SVD is just an extension of eigendecomposition where we have $A = U\Sigma V^T$, where U and V are square, orthogonal matrices. The null space of $V^T$ is the same as $A$ (which means that if $A$ is square but non-invertible, $V$ may still be non-square).

• The $\Sigma$ is diagonal and referred to as single values. It may not be a full diagonal

The full SVD:

So technically, the SVD is expressed as block matrix product

In this case, $V_2$ represents the null space of $A$, and $U_2$ represents the complement of the range of $A$. The SVD decomposes a matrix into the four fundamental subspaces.

The compressed SVD:

You can just rewrite the SVD as $A = U_1 S V_1$, and that is sufficient SVD. In this case, $U_1$ would be $d\times k$, $S \in k\times k$, and $V_1 \in k\times d$.

SVD on non-square matrices

The $U$ is in the output space, the $V$ is in the input space, and the $\Sigma$ is a rectangular projection matrix which removes a select number of dimensions before mapping it (invertibly) to the output. In other words, instead of $\Sigma$ being a scaling factor (in a full-rank square matrix), $\Sigma$ is a projection-scaler.

Good Visualization

You basically have $U, V$ as transformation matrices, and $\Sigma$ as selecting the relevant rows of $V$ and scaling them. Note that depending on which way the rectangle goes, this $\Sigma$ will reject whole rows or whole columns. You can sort of understand this as doing the projection in a clean way. You’re rotating onto a good cutting surface with $V^T$, cutting with $\Sigma$, and then re-rotating with $U$.

Deeper theoretical look

Spectral theorem: for symmetric matrices, you can make an orthonormal eigenbasis such that $A = QDQ^{-1} = QDQ^T$ where $Q$ is the eigenbasis. Now, can we extend this idea to arbitrary $m\times n$ matrices?

Essentially, SVD extends the idea of an eigenvector to non-square spaces. To be brief, $A = U\Sigma V$ where $U$ is the eigenbasis of $AA^T$ and $V$ is the eigenbasis of $A^TA$.

Singular values

The singular values $\sigma_i$ of $A$ are $\sqrt{d_i}$. Now, $d_i$ are the eigenvalues of the symmetric matrix $A^TA$. Now, if $A$ were shaped $m\times n$, then there will be $\sigma_1, ...\sigma_n$ singular values. We list these in decreasing order.

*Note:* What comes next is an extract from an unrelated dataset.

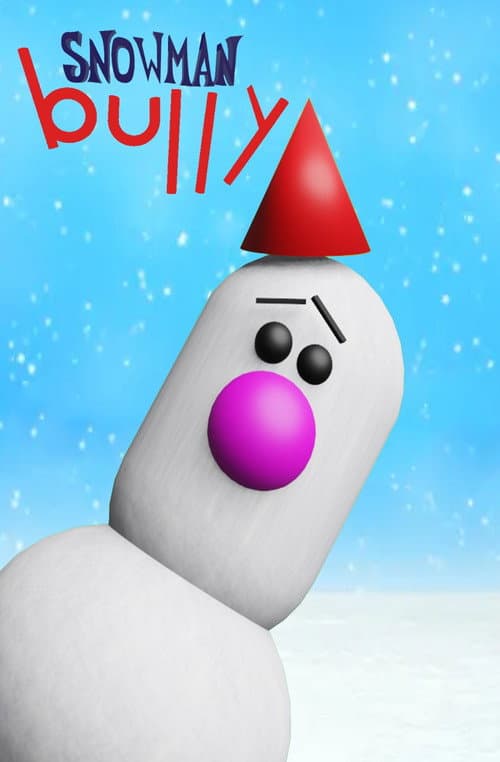 Poster for Snowman Bully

More specifically, $A^TAv_i = d_iv_i$

Singular Value Theorem 🚀

If you have a $m\times n$ matrix $A$, if $v_1, ...v_n$ are orthonormal eigenbasis for $A^TA$, then

1. $Av_i$ are mutually orthogonal
   1. proof: $Av_i \cdot A v_j = (Av_i)^TAv_j = v_i^T(A^TAv_j) = v_i^Td_jv_j = d_j v_i\cdot v_j$. Now, we know that $v_i, v_j$ are mutually orthogonal, so we are done.

2. $||Av_i|| = \sigma_i$. Let $u_i = \frac{Av_i}{\sigma_i}$. You can imagine that $Av_i = \sigma_iu_i$, which means that $u_i$ is the "eigenvector" of $A$ in the $n$-space
   1. proof: we know from a previous result that $Av_i \cdot Av_i = d_j v_i \cdot v_i = d_i$. Because $\sigma_i = \sqrt{d}$, the proof is obvious.

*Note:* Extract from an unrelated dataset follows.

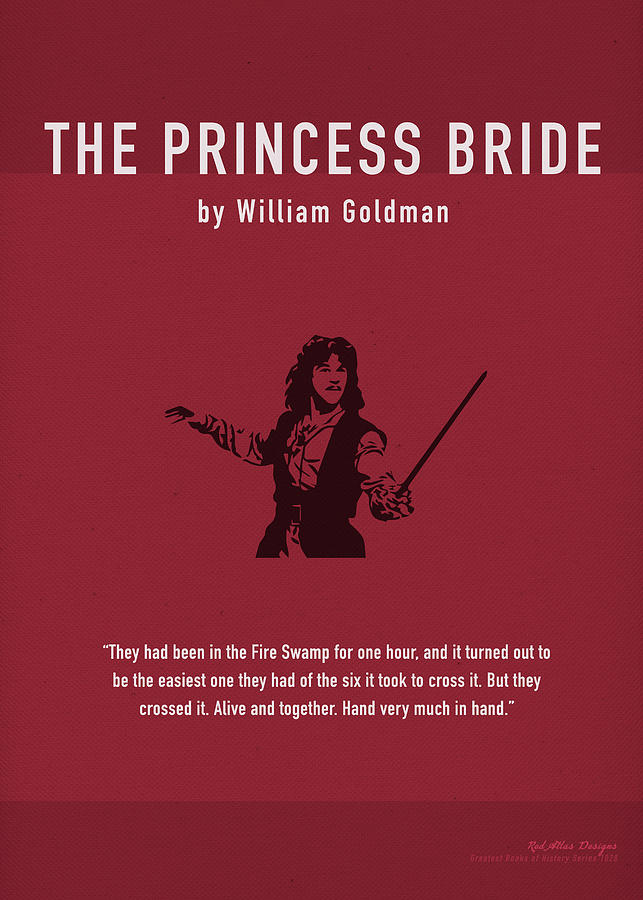 The Princess Bride Mixed Media - The Princess Bride by William Goldman Greatest Books Of All Time Minimalistic Art Poster Series Prin by Design Turnpike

3. More concretely: $v_1, ...v_n$ are eigenvectors of $A^TA$, and $u_1, ...u_m$ are eigenvectors of $AA^T$

4. $A = U\Sigma V^T$ where $U$ and $V$ are orthogonal matrices and $\Sigma$ is a diagonal $m\times n$ matrix.
   1. Proof: Consider $AV$, where $V$ is the column matrix of the orthonormal $n$-basis. We now that $Av_i = \sigma u_i$, so we can make a column matrix of $\sigma_n u_n$. This can be decomposed into a column matrix of $u_n$ and a diagonal of $\sigma$, with some sparseness (because recall that if $n > m$, there's got to be some $v_n$ that maps to $0$. Therefore, we get $AV = U\Sigma$, which mean sthat $A = U\Sigma V^T$ as desired.

Reduced SVD

What does this mean in terms of the fundamental subspaces?

Well, the range of $U_1$ becomes the range of $A$.

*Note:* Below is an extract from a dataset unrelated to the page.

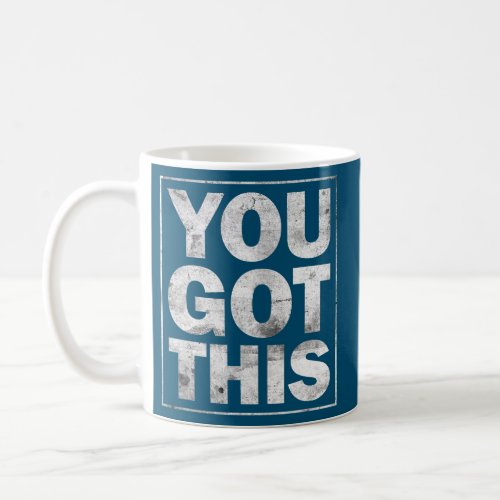 Motivational Testing s For Teachers You Got This  Coffee Mug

The range of $U_2$ becomes the orthogonal complement to the range of $A$

The range of $V_1$ becomes the orthogonal complement to the null space of $A$

The range of $V_1$ becomes the null space of $A$

As such, the ranges of the four matrices cover the four fundamental subspaces of $A$!! By selecting $U_1 \Sigma V_1$, you are essentially piecing together the behavior of $A$.